Long story short (too late?). The paper was fogged. Some more than others. The ADOX Art Baryta was least of all. There is a small piece of each uncoated paper next to its coated mate for a color comparison.
Each variable could lead down a research trail.
1. What factors might have changed with a recipe doubling? How much can a recipe be scaled up before its characteristics change?
2. Can the recipe be held under refrigeration at stage before coating?
The answers to 1 and 2 could help address whether or not largescale POP production is feasible.
Do any of the papers have components that fog emulsion? If an offending component can leach out of the paper, can it be soaked out before coating to make the paper safer to coat on?
If a paper has a component which potentially causes fog, could it cause the deterioration of a print over time?

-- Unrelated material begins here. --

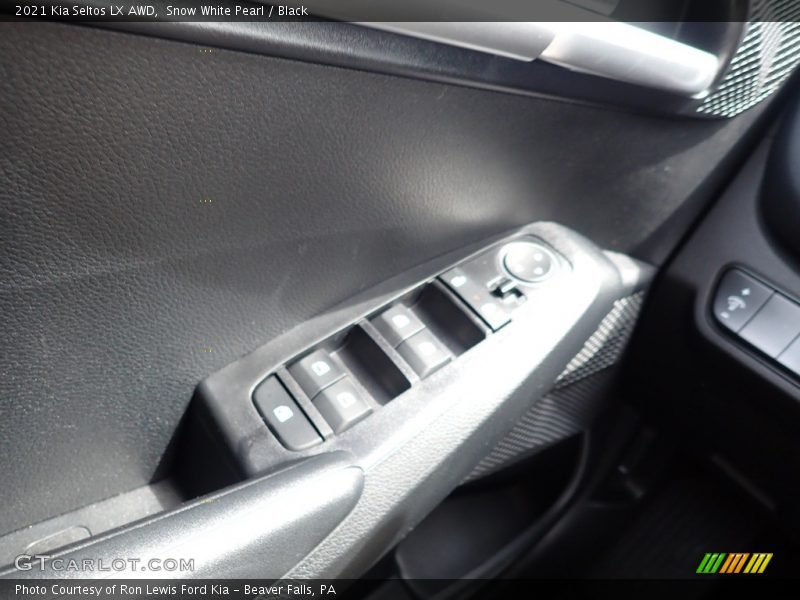 Snow White Pearl / Black 2021 Kia Seltos LX AWD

Ripening time is a key emulsion variable. At a specific time/temperature an emulsion reaches it's peak speed. Beyond that point the emulsion can (and usually does) start to fog. The aspirational goal is to ripen right up to top speed and no further. With paper, speed is far less an issue than a clean (completely unfogged) emulsion. What is often overlooked is that ripening continues after coating. It slows down after the emulsion is dry but never really stops. Some emulsions fog much sooner in storage than others. POP is notorious for a short storage life. When I both over-ripened the emulsion before coating and then dried the paper in a very warm room, I almost certainly contributed to the fog. There are several questions generated.
What are the time and temperature of ripening end points for a successful POP emulsion?
Are they different for different POP recipe formulations?
Could reducing the time and/or temperature of the emulsion ripening result in longer dry paper storage life?